In such cases, you should consider carrying out a security policy audit and assessment to create a map of what’s on your network, an inventory of all the software applications on there, and whether these programs are up-to-date with their security patches.
This will allow you to proactively address network security concerns as well as close any vulnerabilities before they’re exploited.
Step 2 — Identify Your Biggest Network Security Issues
When running a network security audit/assessment, you must consider how crucial every risk factor is to your business. Think around the lines of how much money you would lose if your business lost all its data on a database, or if you’ll end up breaking the law if certain data gets lost.
Moreover, this figure should consider the following:
- Potential lost bill collection
- The total cost of data restoration
- Losing all records of business transactions
- Fees for missing accounts payable due dates
- Reduced productivity when trying to get business back to normal
Reviewing all aspects of various security threats will help you create a structured response. Once you know about the risks and how much of an impact each one will have on your business, you can start prioritizing them in order from most impactful to the least and then work on fixing them.

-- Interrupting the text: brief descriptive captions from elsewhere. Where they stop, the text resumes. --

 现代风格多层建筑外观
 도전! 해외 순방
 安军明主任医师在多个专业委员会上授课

Step 3 — Apply the Principle of Least Privilege for User Access
Many business founders fail to consider insider threats. This is their biggest mistake.

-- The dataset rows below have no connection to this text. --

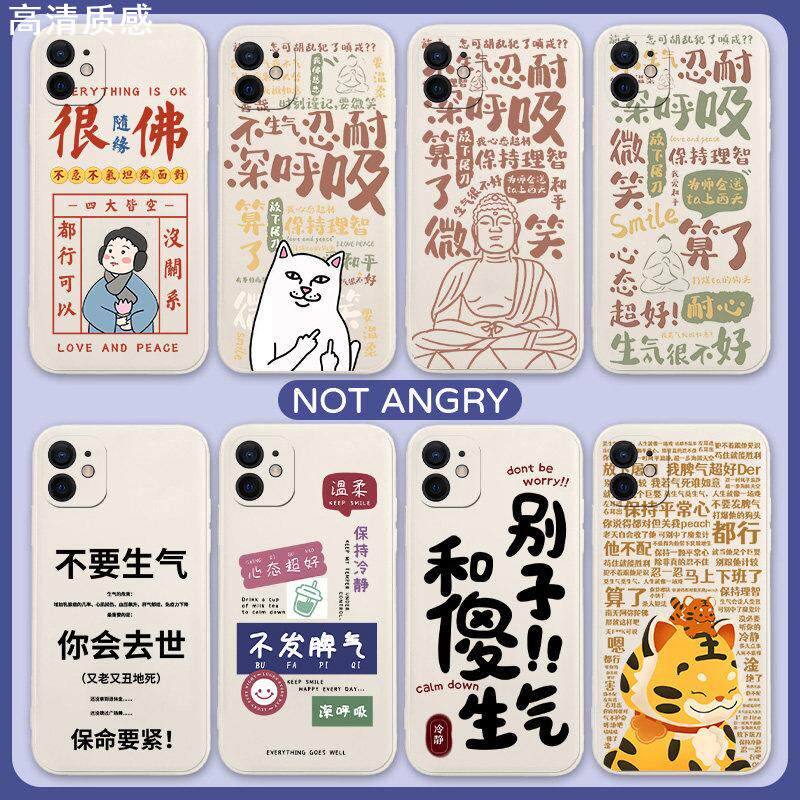 不发脾气手机壳适用荣耀100pro不要honor70生气60莫50情绪40管理30暴躁magic5/4焦虑se心平气和v/s的80硅胶90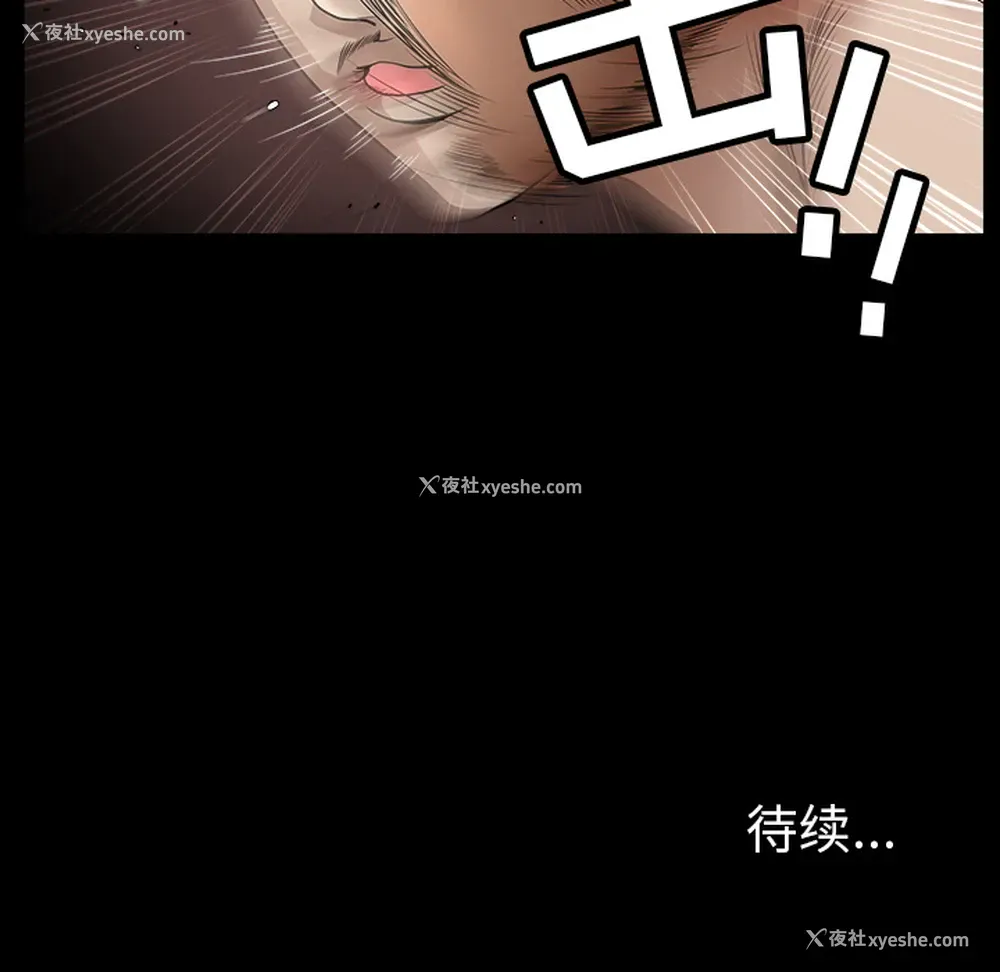 138P - 新来的女邻居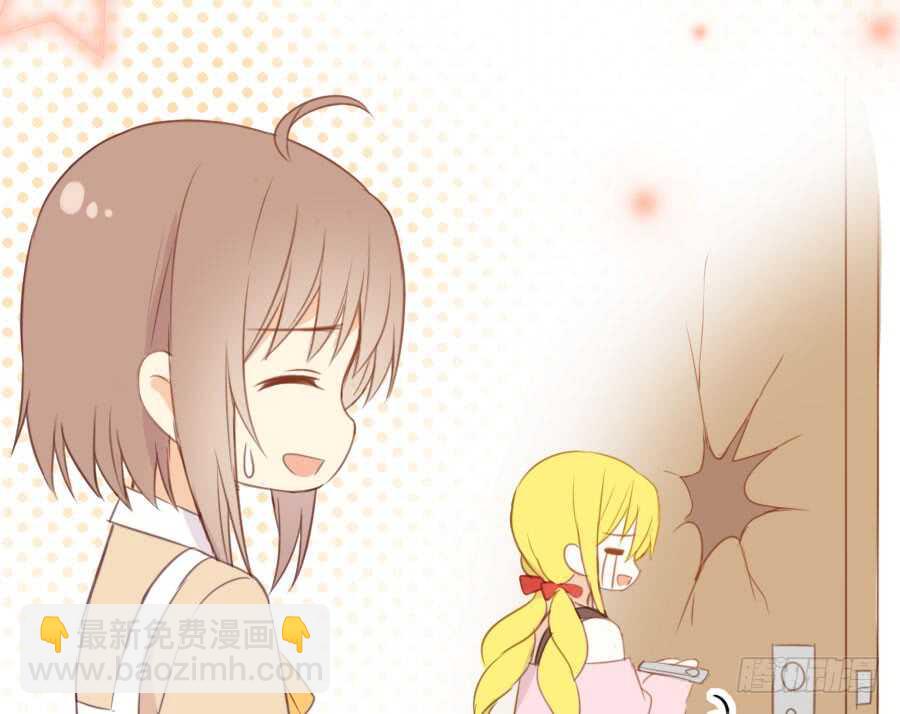 《王的初拥》百合大法好 第8页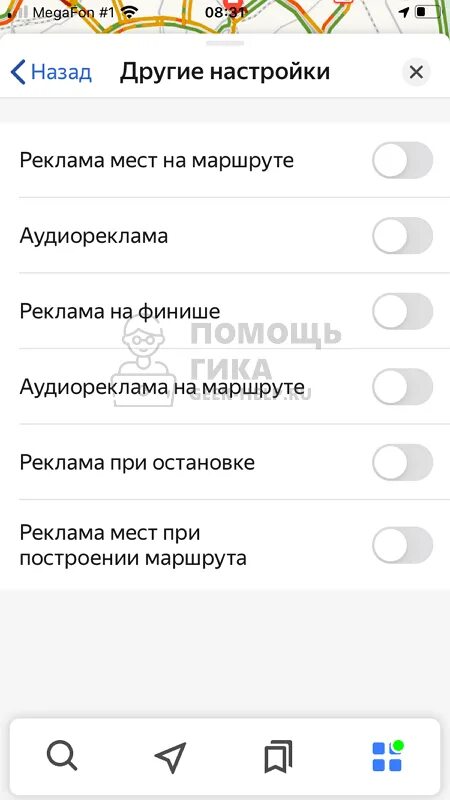 Отключить рекламу в навигаторе 2025. Как отключить рекламу в яндекс навигаторе. выключить рекламу в яндекс навигаторе. яндекс навигатор отключение рекламы. как отключить навигатор.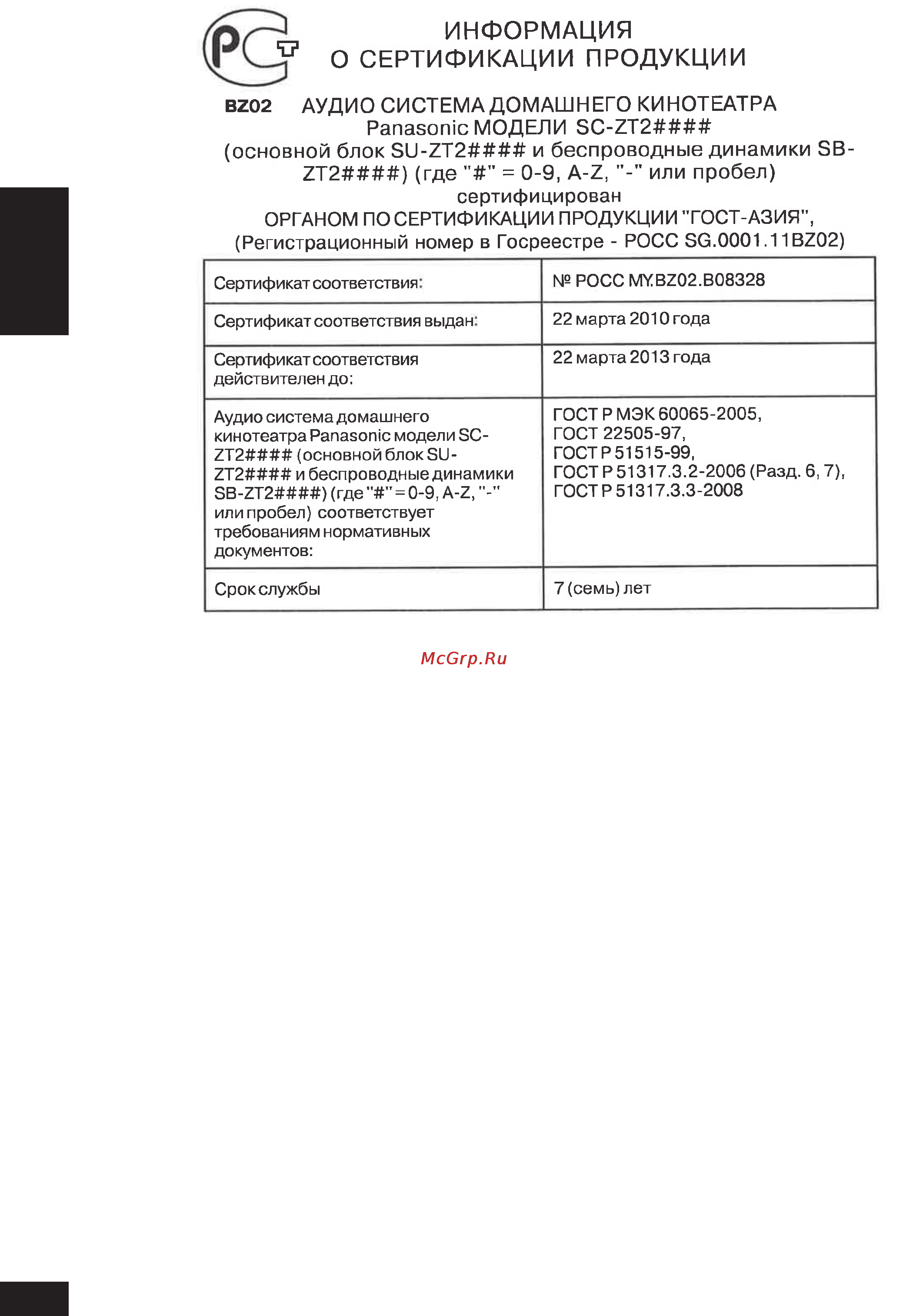 Panasonic SC-ZT2EE-K [18/20] Русский язьік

A Harvard Business Review study found that 60% of all attacks were carried out by insiders. Three-quarters of these attacks were done with malicious intent.
Evidently, a significant part of all cybersecurity threats originates from your own employees. Your greatest asset can quickly become one of the biggest network security concerns you face, irrespective of whether they abuse their access privileges intentionally or expose your business to risks by accident.

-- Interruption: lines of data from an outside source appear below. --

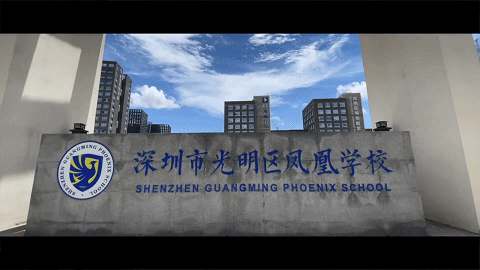 中海時光境旁邊就是光明高鐵站以及樓下有6-13號線兩條地鐵線(圖7)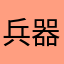 兵器ブリリオン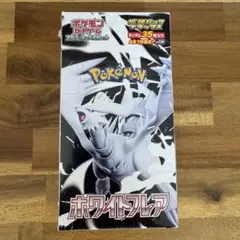 ポケモンカードゲーム ホワイトフレア 1box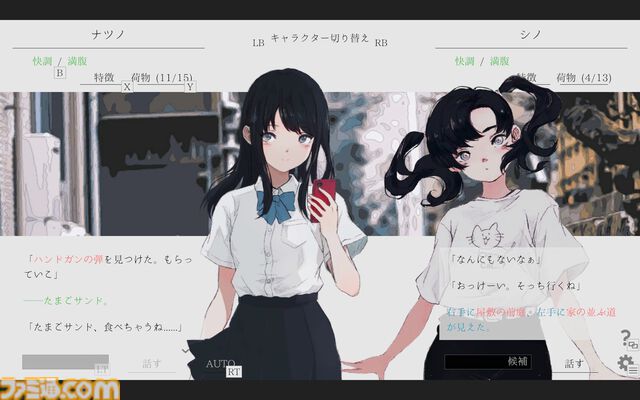 終末世界を旅するアドベンチャー『ナツノカナタ beyond』が6月20日発売。新キャラ・アルタ＆リラ姉妹やストーリーが追加、コントローラーに完全対応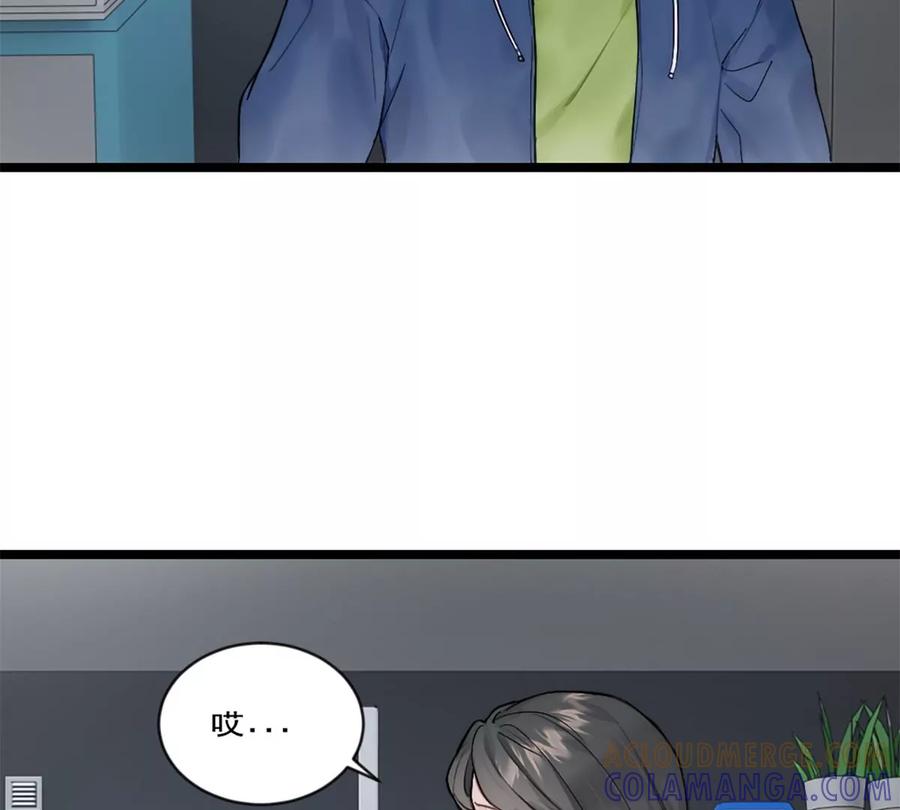 《神工》第24话 深造 第5页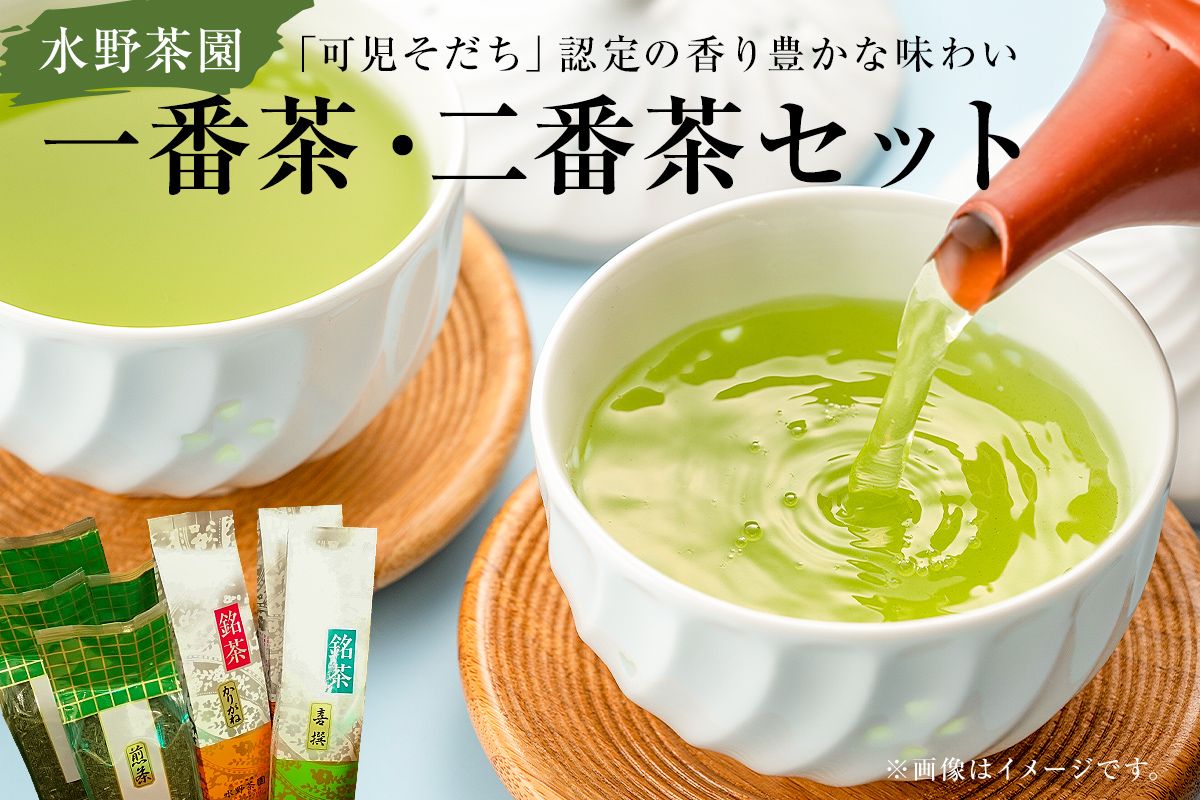 水野茶園のお茶 一番茶・二番茶セット（喜撰200g・かりがね200g×2袋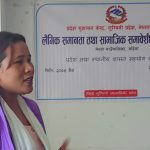 गेरुवाको लैससास परीक्षण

Using the principle of least privilege for user access restricts network access of every individual user account to only the information they need to perform their jobs. Logically speaking, every employee in your organization doesn’t need to have unrestricted access to your sensitive assets. Why should an intern have access to the personal information of the board members?
This way, even if the access is ever abused, the damage done will be kept to a minimum level.
Step 4 — Create Redundancy Within the Network
Under business continuity and disaster recovery modules, there’s a concept called “single point of failure.“
“Single point of failure” is the term used to describe how an asset’s failure would affect the network, i.e, whether the network would be able to continue functioning. Interestingly, the asset can be anything on your network, including a single database, access point, server, traffic routing device, and so on. If any asset would compromise the network if it failed, that asset is a single point of failure.
The solution to single points of failure is redundancy–that is, having multiple additional assets that do the same thing the first asset does, so that if the first asset fails, the network will still be able to perform as if it hadn’t.
Your job, then, is to look for redundancies within your system and create more of them if needed.
To do this, you have to create a diagram of your network. This will give you an overall view of whether you have sufficient redundant systems to pick up slack if any part of your network fails.
When evaluating your business continue tea solutions, make sure you keep an eye out for the following:
- Recovery Point Objectives (RPOs): If you have a data backup system in place, how recent are the backups? More frequent backups can significantly minimize data loss, along with the associated disruptions to your business.
- Solution Reliability: You must implement frequent testing to ensure your business continuity solution reliably needs or exceeds its recovery point and time objectives. After all, finding out your backup doesn’t work after one of the databases explodes isn’t what you would call ideal.
- Recovery Time Objectives (RTOs): You’ll have to do a little test here. Find out how long it takes to restore normal function for your network when deploying a redundant resource. Of course, the duration will vary depending on the asset being replaced and the nature of the destruction, but opting for shorter RTOs is undoubtedly better.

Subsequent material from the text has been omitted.